Dalam pengenalan itulah, saya berpendapat, seandainya masih hidup,
tentu Prof Lafran merasa risi, bahkan mungkin akan menolak, jika diberi tahu
akan diberi gelar pahlawan nasional. Mungkin dia akan mengatakan, ’’Untuk apa
pula aku diberi gelar pahlawan?’’ Prof Lafran itu orangnya sangat bersahaja,
tidak ingin menonjolkan diri, tidak ingin dipuji-dipuji, apalagi dipahlawankan.
Ketika pada pengujung 1980-an dosen-dosen muda seperti saya yang jabatan
akademiknya baru lektor muda (dengan pangkat III/c) berangkat mengajar naik
Daihatsu Hijet atau Suzuki Carry, Lafran yang jabatan akademiknya sudah
profesor/guru besar (dengan pangkat IV/e) menuju kampus setiap hari dengan
mengendarai sepeda onthel (kereta angin). Begitu sederhananya Prof Lafran itu.
Meskipun kami tahu Prof Lafran enggan diberi gelar pahlawan
nasional, KAHMI memperjuangkan untuk itu.

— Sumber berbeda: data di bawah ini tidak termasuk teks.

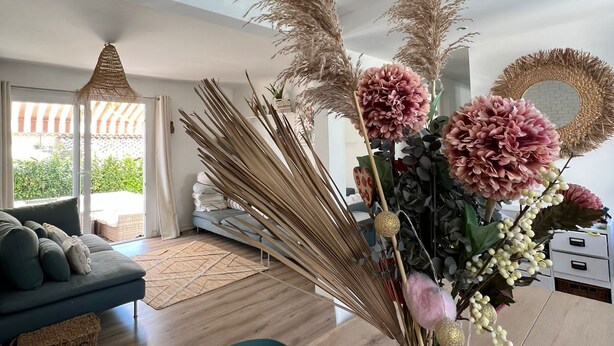 A modern living room with a wooden dining table, a sofa, and a vase with dried plants and flowers.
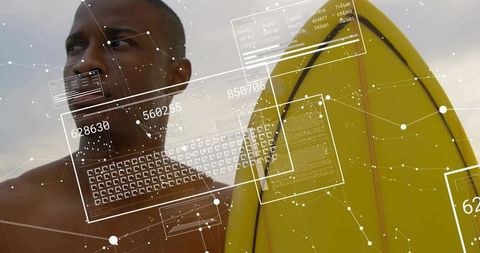 Shirtless surfer scanning augmented reality data while carrying yellow surfboard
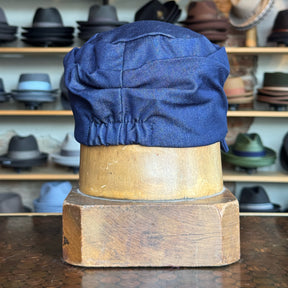 Denim Military Cap displayed on a wooden hat block, showcasing the gathered back detail in blue denim fabric with various hats blurred in the background.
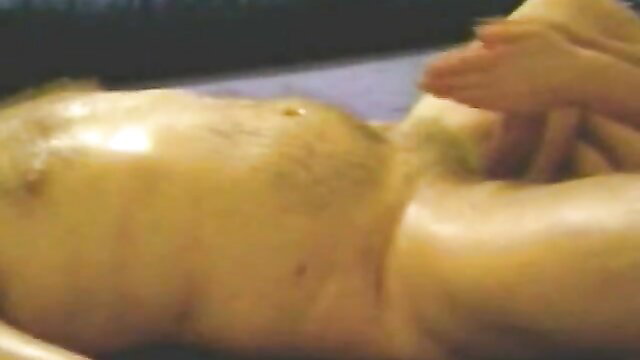 Hot Asian masseuse gives oily handjob to naked man in parlor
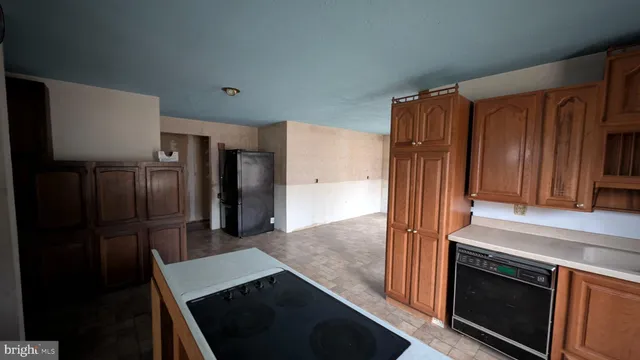 a kitchen with stainless steel appliances a refrigerator and a stove top oven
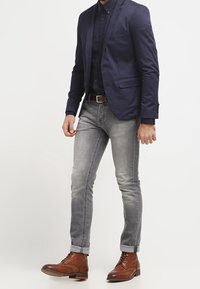 Marineblazer over een donker shirt, gecombineerd met lichtgrijze jeans. Bruine leren enkellaarzen, iets opgerolde mouwen en knoopaccenten op het shirt.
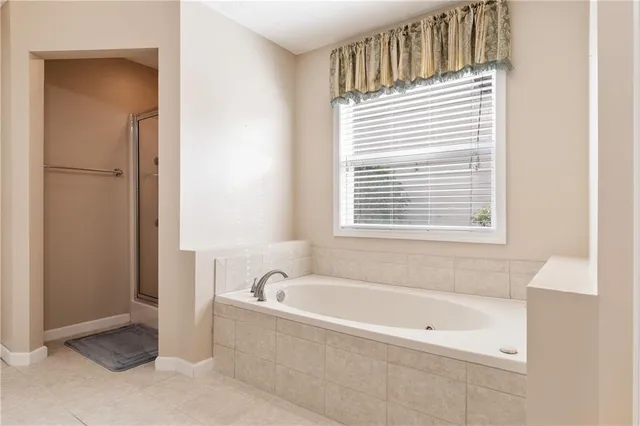 a bathroom with a bathtub and a window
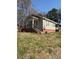 Bungalow-style house with a covered porch, siding, and brick foundation at 701 Betty St, Gastonia, NC 28054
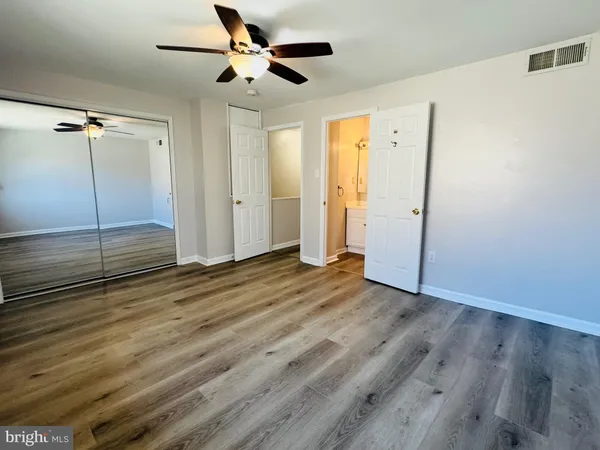 a view of empty room with wooden floor and fan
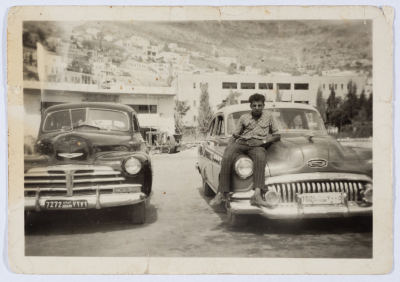 Etimad Taxi Service Taxis and a Driver 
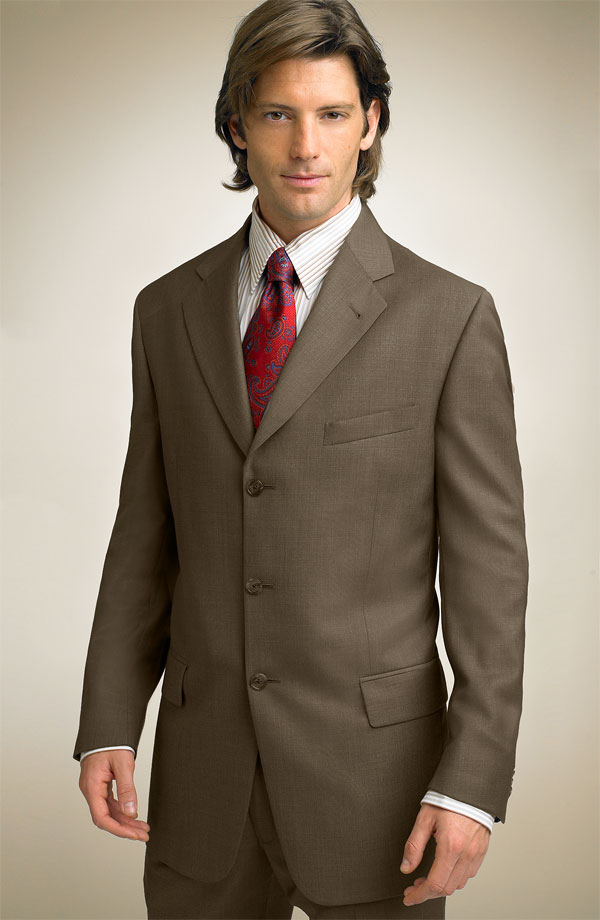 A well-tailored suit worn in a professional setting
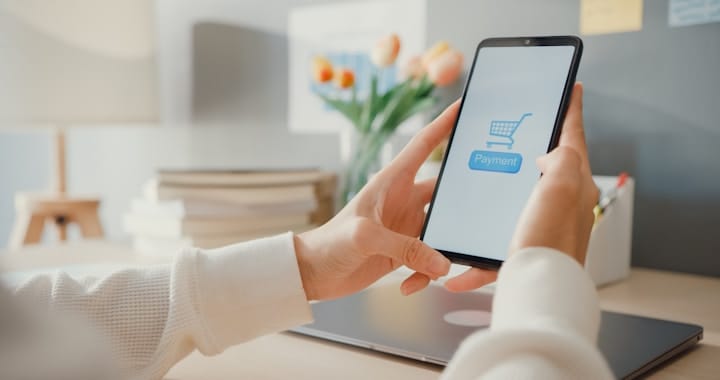 Happy Shopper Using Smartphone for Online Shopping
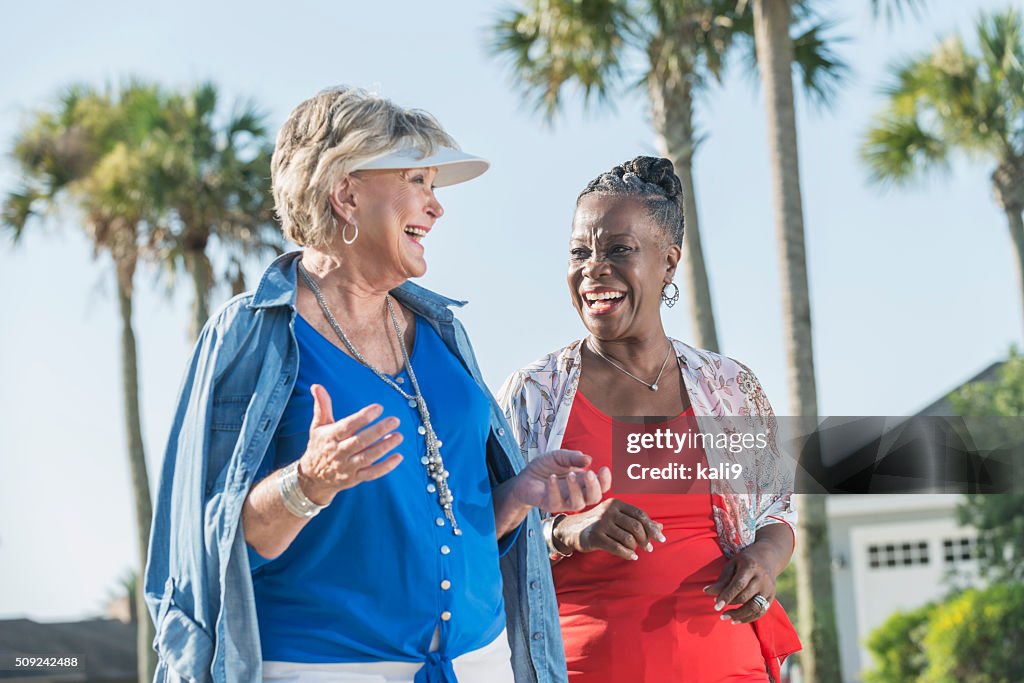 Two senior women walking and talking outdoors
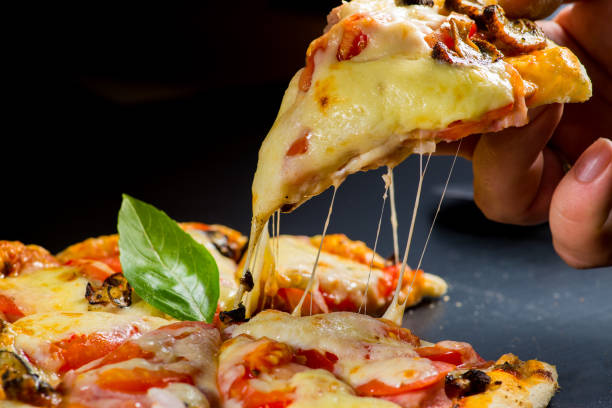 istock Slice of pizza. melted cheese stretches from the piece 1671506289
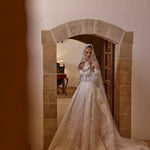 Lace ball gown with sheer corset bodice, long sleeves, and matching lace veil, bespoke Ricca Sposa wedding gown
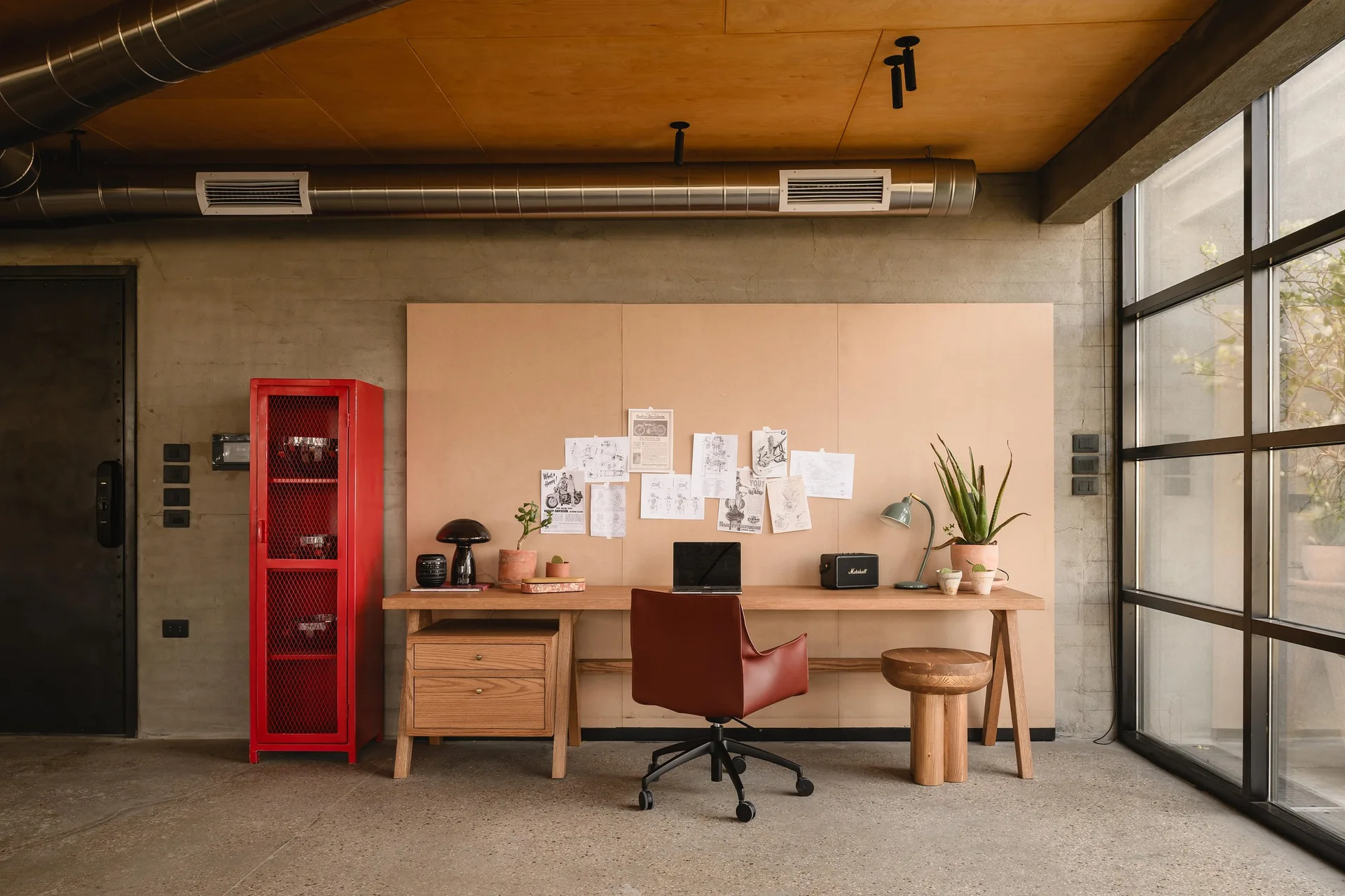 An industrial home office features a long wooden desk with a laptop, a red leather chair, a bright red tall metal cabinet, and exposed concrete walls.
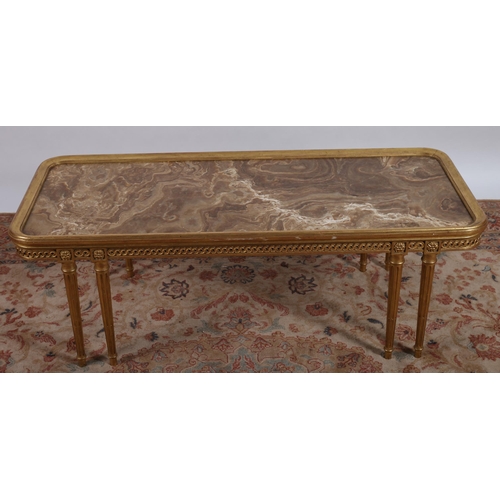 706 - A CONTINENTAL GILTWOOD COFFEE TABLE of rectangular outline surmounted by an oynx inset above a scrol... 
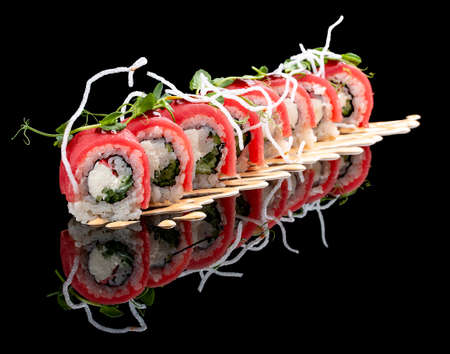 Philadelphia roll with tuna on glossy black backgroundの写真素材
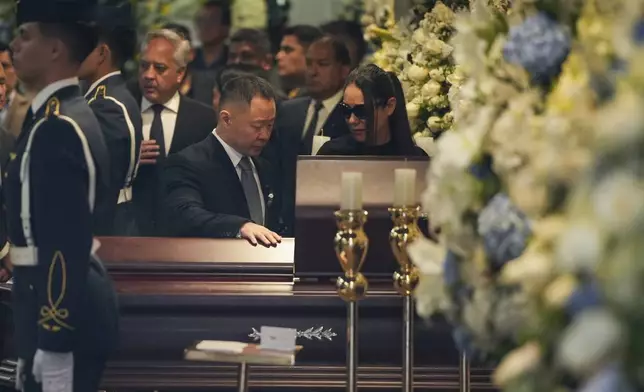 Kenji Fujimori stands by the coffin of his father, former President Alberto Fujimori, during his wake in Lima, Peru, Thursday, Sept. 12, 2024. (AP Photo/Guadalupe Pardo)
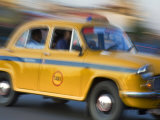 Yellow Ambassador Taxi, Calcutta, Kolkata, West Bengal, India Photographic Print by Jane Sweeney
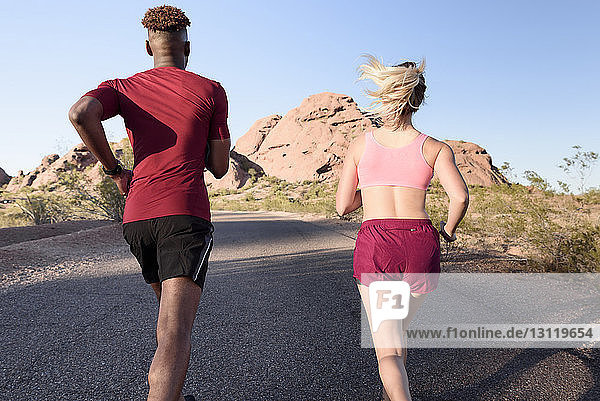 Rear view of hikers running on road against clear sky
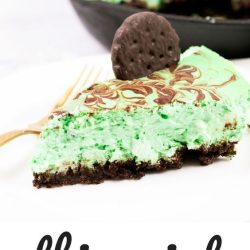 A slice of Thin Mint Cheesecake on a white plate with a fork, boasting a chocolate crust and mint-flavored filling. A full cheesecake is partially visible in the background.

Sebab, menurut kami, beliau layak
mendapat gelar tersebut. HMI yang didirikan Prof Lafran nyata-nyata telah ikut
berjuang mempertahankan dan membangun NKRI. Dari rahim HMI telah lahir sejumlah
elite nasional di berbagai lembaga negara dan di tengah-tengah masyarakat.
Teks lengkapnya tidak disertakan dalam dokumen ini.